What the task requires
Beginning with the line that has "D2F60 datasheet pdf Shindengen" in it, transcribe the listing exactly through its final line, and add nothing.

Input
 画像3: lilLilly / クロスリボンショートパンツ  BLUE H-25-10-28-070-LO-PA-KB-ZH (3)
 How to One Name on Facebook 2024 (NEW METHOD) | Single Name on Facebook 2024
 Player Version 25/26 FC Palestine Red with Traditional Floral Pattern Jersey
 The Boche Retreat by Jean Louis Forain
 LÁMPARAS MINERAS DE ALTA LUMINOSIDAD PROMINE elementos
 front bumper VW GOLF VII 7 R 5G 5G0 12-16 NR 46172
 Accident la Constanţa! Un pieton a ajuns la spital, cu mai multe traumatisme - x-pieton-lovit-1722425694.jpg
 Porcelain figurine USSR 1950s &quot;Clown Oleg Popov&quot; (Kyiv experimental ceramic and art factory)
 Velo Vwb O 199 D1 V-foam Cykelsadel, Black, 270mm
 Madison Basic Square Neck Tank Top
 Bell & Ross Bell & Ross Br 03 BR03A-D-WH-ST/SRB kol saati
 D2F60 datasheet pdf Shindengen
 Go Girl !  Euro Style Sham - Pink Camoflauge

Response for this exercise
 D2F60 datasheet pdf Shindengen
 Go Girl !  Euro Style Sham - Pink Camoflauge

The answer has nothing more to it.